Like many hunters, I have workplace obligations and the distance to my hunting area is great enough that I simply cannot hunt before and after work. Another point worthy of mentioning is that productive deer hunting falls faster than the unpredictable stock market once rifle hunters hit the woods.
Add wintry weather to the laundry list of adversity and it can be a daunting task to find yourself gripping a set of antlers before the season is over. However, the goal can be accomplished with a few scheduled vacation days and the know-how to hunt in rough weather.
Typically, I take time off from work to hunt the first seven days of our rifle season.
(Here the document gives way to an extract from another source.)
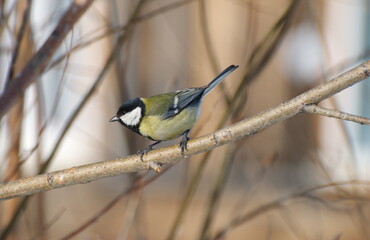 A big tit sits on a branch on a snowy cloudy day. Western Siberia. Russia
The first five days are what I consider to the best opportunity to harvest a buck. Of those days, Wednesday through Friday have the least amount of pressure from other hunters. A non-scientific estimate reveals that I have seen and taken more than 90 percent of my truly nice bucks during those three days. It does not matter what the weather is like on that opening Wednesday, I am out there from dawn until the last moment of shooting light.
So what has the weather been like on those opening Wednesdays over the past 30 years of deer hunting? I can recall the number of ideal openers on the fingers of one hand. Oddly enough, I do not recall harvesting more than two bucks on nice opening days. But I can remember taking my best bucks in severe weather conditions.
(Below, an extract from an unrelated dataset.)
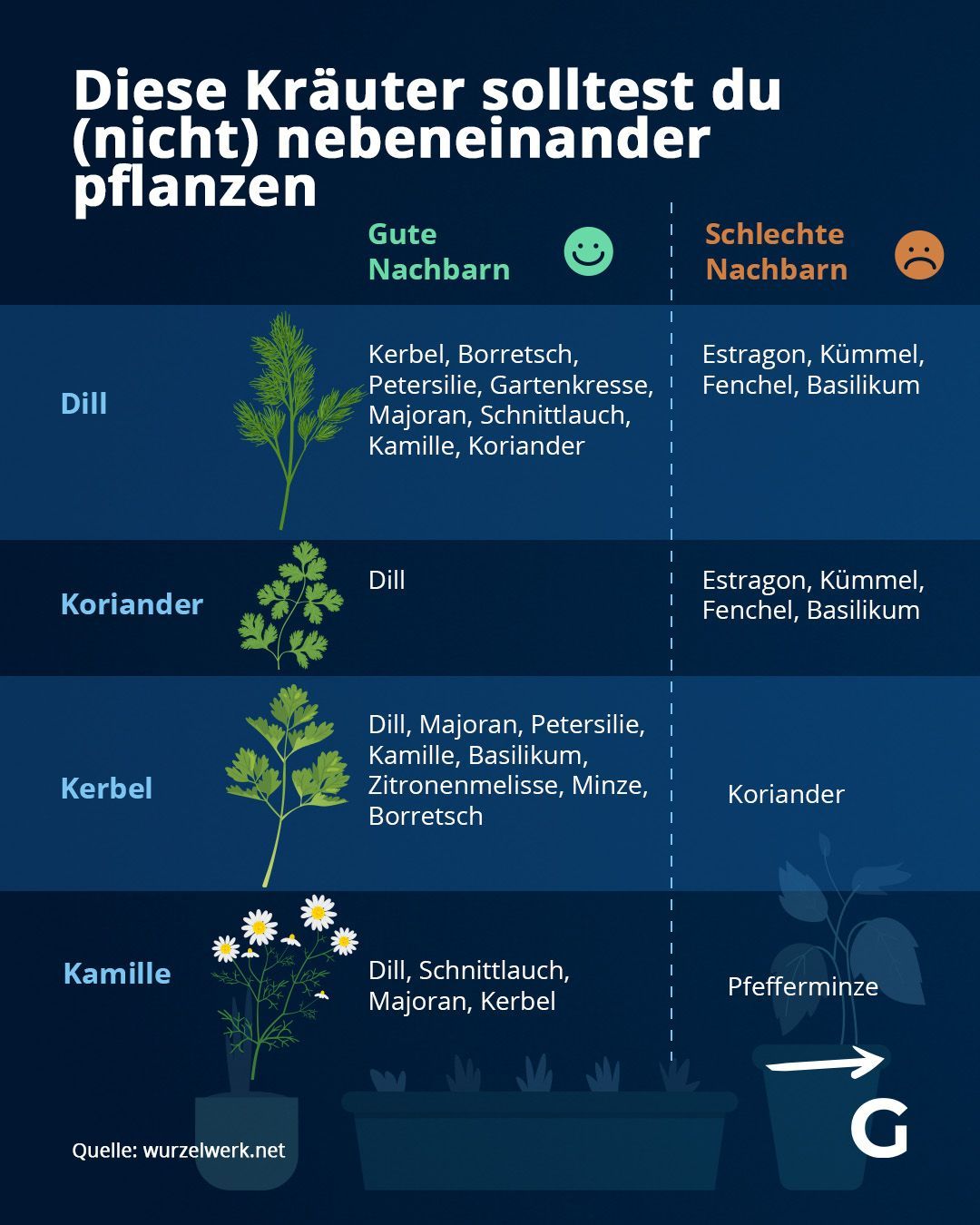 Diese Kräuter solltest du (nicht) nebeneinander pflanzen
There was a season when the weather was literally blizzard conditions. I plowed through 4-foot deep snowdrifts in my Suzuki Samurai that year. There was not another soul out hunting that day, and I seriously wondered if I had lost my mind.
I drove to a 240-acre sand hill pasture we leased with an 80-acre thick stand of red cedars, sand hill plum thickets and locus trees. I began still-hunting through the woods and quickly realized that in spite of the raging blizzard going on, fresh deer tracks were in plain view.
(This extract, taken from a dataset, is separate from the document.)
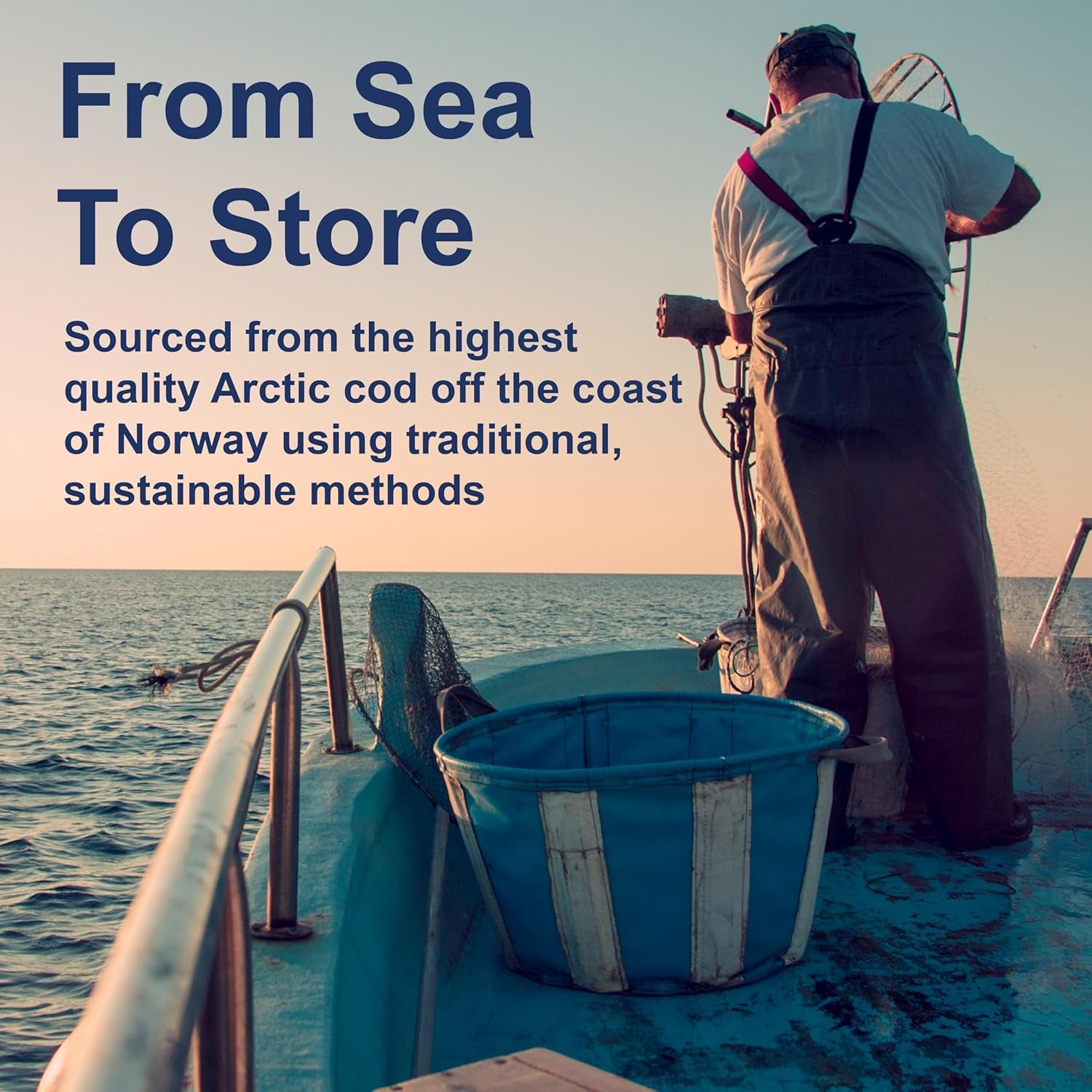 - the Very Finest Fish Oil, 1600 Mg Omega-3S, Liquid Fish Oil Supplement, Norwegian Fish Oil, Wild-Caught, Sustainably Sourced Fish Oil Liquid, Lemon, 200Ml, 6.7 Fl Oz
I found a large set of buck tracks and followed them to a cluster of cedars where the buck was waiting out the worst of the storm. I took that 140-class, 8-point buck at less than 40 yards away with a .45-70 Marlin. I had only been out in the elements just shy of 40 minutes.
A year later I took another buck less than 10 minutes after a driving thunderstorm blew through the area. I sat in my truck until the storm subsided then worked my way slowly against a thicket and began a series of periodic low grunts. Immediately, the swollen-necked buck appeared and was ready for a fight. This would have been my best buck ever if it hadn't broken off several tines.
Two bucks were taken on opening days when the winds were high and the wind chill index was well below zero. Another was taken as I stalked through knee-deep frozen snow just after a two-day blizzard, which ended the night before.
The best buck I've taken in Kansas was during early muzzleloader season. I waited in a tent-style ground blind during a driving rain storm from dawn until 11 a.m. and didn't so much as see a squirrel. I decided to give up and head to the farmhouse for a cup of coffee and some lunch.
As I trudged through the mud, soaking wet weeds and rain to get to my truck, I walked into three bucks following the same trail in the opposite direction. I stood against a large cottonwood tree and sized them up. The best was the last in line, and when the buck got into the open, I sent a .54 caliber round ball through its brisket at less than 40 yards away.
So what's to be learned from these experiences? They all have the same weather conditions in common. In every case I went to the thickest, most isolated cover I had available. No one else was hunting, and I was in a place where I was out of the wind and could enjoy some measure of protection from the elements.
For each opportunity, I was still-hunting, and remained quiet except when I was using a grunt call. On several occasions, I was following fresh tracks or a commonly used deer trail. Every buck was taken at less than 50 yards with a so-called brush buster style of firearm - big bore muzzleloader, lever-action .45-70 or bolt-action 8mm Mauser.
Sure, there have also been bad weather days when I headed home cold and miserable without a buck. But, the really good trophies have all been bad weather bucks, and that is why I will hunt those days as long as I'm able to do so.